Vendors should not object because they have a year to fix the problem before any penalty is invoked. Placing a cap on the penalty which is the price of the contract, is fair to the vendor while helping the state to recoup its losses.

  • The procurement law needs to be updated to accommodate technology changes.


Technology has improved and changed dramatically since the nonvisual access requirements in the procurement law was enacted in 2000. During these seventeen years, technologies have become more powerful and cheaper. For example, instead of buying a desktop system for thousands of dollars, customers can purchase an iPad Pro for $600. Currently, the procurement law allows a vendor to ask for an exemption to the nonvisual access requirement if adding the accessibility features would cost an additional 5%. Since it is cheaper to produce technology, the cost this exemption is too low. Raising the exemption to 15% would be a more reasonable reflection of the actual accessibility cost, and it is still fair to the vendor. Raising the exemption to 15% will close the flood gates that currently permit vendors to opt out of accessibility requirements.

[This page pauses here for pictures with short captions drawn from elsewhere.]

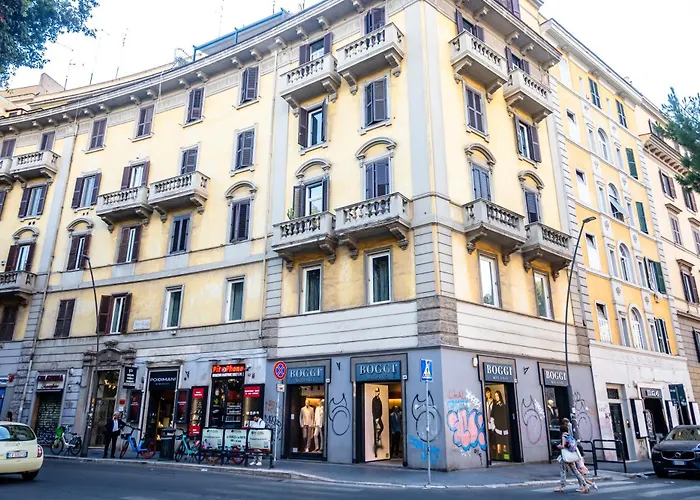 Gate 40 Roma Hotel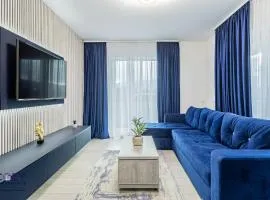 Luxury Residences & Suites in Central Brasov at Coresi Mall
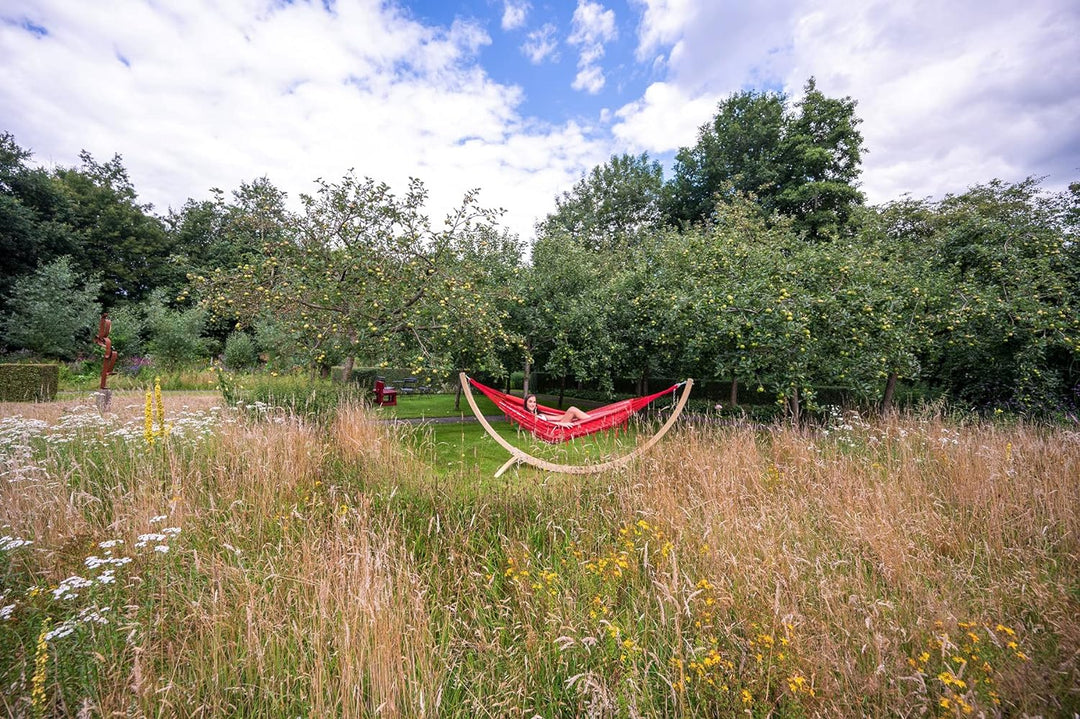 Tropilex Südamerikanische Hängematte Single | Handgefertigt | Fairtrade | Hammock &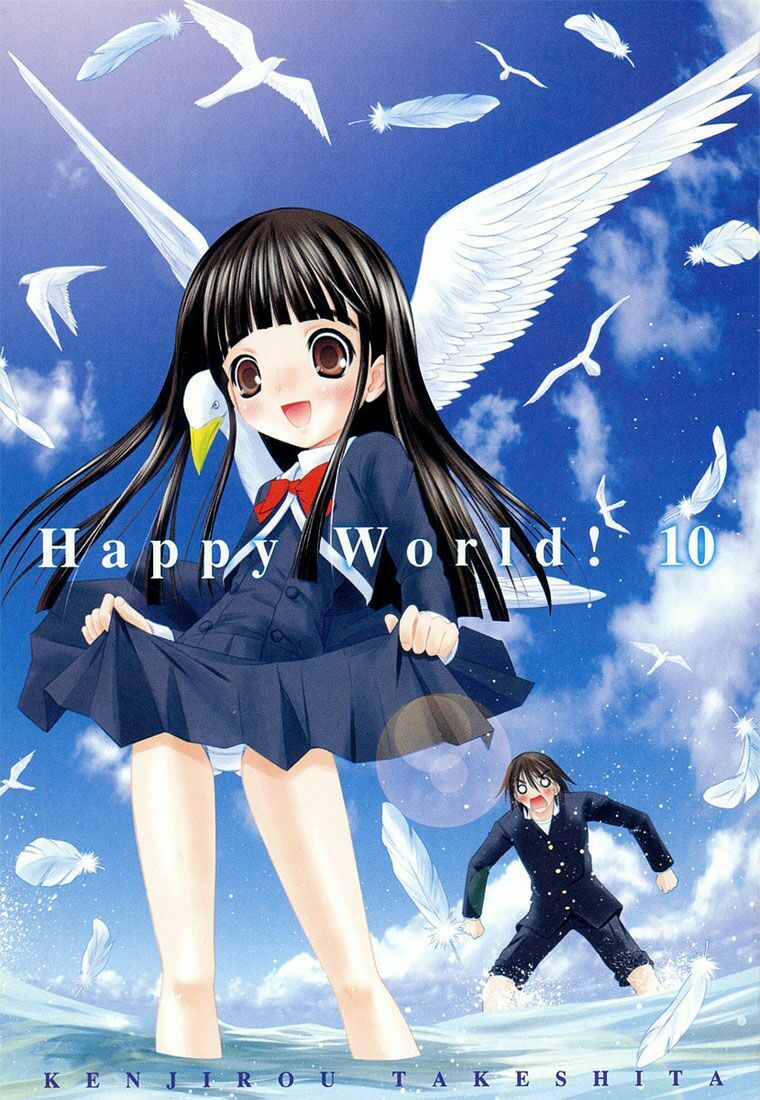 Happy World!: Chapter 61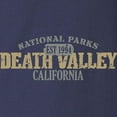 thumbnail image 3 of CafePress - Death Valley National Park CA Long Sleeve Dark T S - Long Sleeve Dark T-Shirt, 3 of 4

The state of Maryland adopted the federal government’s section 508 nonvisual accessibility standards as its standards of operation. Since the federal government has recently updated these standards, the state of Maryland should adopt the same updates by January 1, 2018. This is a reasonable timeline because the standards already exist.



Nonvisual access to public information provided by the state of Maryland should be improving because the knowledge and tools now exist to provide greater access. According to state and federal laws, Maryland is not supposed to purchase information and communication technology products or services that are not accessible to the blind. Blind citizens do not currently have the same access to information as the rest of the general public, because Maryland does not enforce its laws. Maryland should be a model employer of persons with disabilities. However, Maryland ignores the accessibility laws and blind workers do not have the tools to perform their jobs efficiently. It is time to strengthen the procurement law so that nonvisual access becomes a reality.